Lovin' Life
I've been remiss with posting anything of depth lately. My life is in such a great place right now and I struggle with posting. When life is difficult and filled with strife, getting the words out of my head is so much easier than posting a 'feel good' entry. Why is that? Is it truly the misery loves company syndrome? I'm putting forth an effort to change the way I do things around here!
I woke up this morning and felt amazing, so amazing in fact I had to share it with someone. Does it have anything to do with spending the day with Cute Boy and his daughters all day Saturday. It was an awesome day, one that could have only been better if Princess had been with us. She had already made plans with a friend by the time I tried to get her to share her day/evening with us. She seems to be coming around in realizing 'this' is life now! I'm very proud of her!
That I can find such happiness and peace in my life is something of which I'm surprised. I very much live two lives. One life at home with Princess and one away from home and with Cute Boy. I seem to spend more time at his house than I do my own at times, but for the most part I do what I can to keep the balance up. I fail some days and others I'm a queen of all things!

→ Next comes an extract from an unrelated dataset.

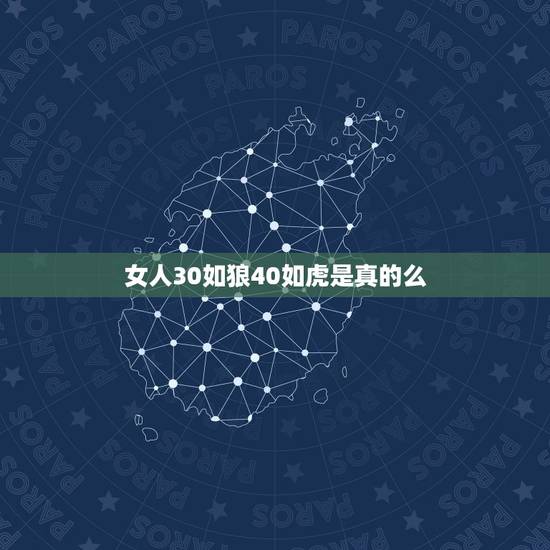 女人30如狼40如虎是真的么,女人30如狼40如虎到底为啥? 女人30如狼40如虎是真的么,女人30如狼40如虎到底为啥?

There are many things in my life that are not what I would have envisioned for myself or my girls. I have a daughter no longer living at home. I worry about her more than I show. I know she's not making decisions that are going to be good for her in the long run, but I'm trying to stand back and let things happen as they will. My motto for this one is: "Lesson learned nothing lost". There are financial stresses upon financial stresses. A job I love, but hours I hate, another 2 people to be hired in my department (more financial stress) and I'm still finding a reason to be so excited about life and what it has to offer. The biggest change I see in myself, and how I know I've changed and matured over that last few months is that these challenges are not the end of the world. Without the struggle, the sweetest moments wouldn't feel so sweet if not for the hard work put forth to achieve them.
Whatever tomorrow brings, I look forward to the day. I would much prefer the ease rather than the fight, but no matter what, I know this is my place in life. A good place it is too. This is where I want to be and would not change one single thing if it meant this is not the here and now of my days!
In closing, I want you all to know: "I have a new toothbrush!" WOOT WOOT!!!! Can I get some hands in the air with a little WOOT WOOT!!!
1 comment:
you're wooting instead of clapping? lol....good for you, and keep on going, you're doing just fine and everyone else WILL be okay.